What about Santa Cruz inspires you?
I'm inspired by store regulars, seeing people pass through my neighborhood or work neighborhood and knowing their schedule, and seeing familiar people all around town at their jobs. It's comforting to see so many familiar people all the time and develop relationships to them in whatever capacity. And so many people are artists here! In the morning, our mailman, Juan, drops off the mail and from time to time will show us a photo of the designer cake he made the night before. In the afternoon, I stop by the hot dog stand for lunch and to talk to my friend Daniel who takes art classes at Cabrillo and we discuss painting. I'm inspired by people and feeling connected to them because we're all working through the day to keep at our other passions.
Growing up, what did art mean to you and how did you find yourself drawn to practicing it/making it a career?
Growing up, I was one of those kids who was constantly sketching in the margins of school notebooks. Recognition from teachers early on was encouraging. By late high school I was carrying around a sketchbook almost everywhere and trying to make every page well designed. Fellow students would try to get me to complete their art projects for them. I would illustrate stories in ball point and meticulously catalogue cassette tapes with copious attention to detail cover artwork.
Tell us about your training and influences.
In college, I started out in literature, then design, and wanted to be an illustrator. My professors at Cal Poly could not satisfy my hunger for drawing so they prescribed for me a much more rigorous studio art curriculum.
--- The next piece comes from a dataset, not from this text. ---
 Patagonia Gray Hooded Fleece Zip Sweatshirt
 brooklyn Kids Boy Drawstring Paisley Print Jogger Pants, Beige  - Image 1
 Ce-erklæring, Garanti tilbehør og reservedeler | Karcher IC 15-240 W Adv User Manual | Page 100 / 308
At UCSC, I was lucky enough to study with Patrick Aherne, who had a gift for instilling in his students a great love and respect for painting. That was where I first tried my hand at painting the landscape outdoors. I also practiced freelance illustration for a while but it was painting in oils that really took hold of me.
Some of my deepest influences go way back to old friendships, mentors and fellow artists. Other artists I find endlessly inspiring are Cezanne, Barbizon painters, Corot, Courbet, Morandi, Ab Ex painters, Diebenkorn, and many more.
What do you find yourself most drawn to in painting?
With painting, I feel as though I've taken on a challenge that I will never be able to truly exhaust and that notion spurs me on today just as it did when I finished school. In a way, I have kept a steady course but there is always so much room for improvement as a visual artist, as a craftsman, and as a person. There are also many places I look forward to painting.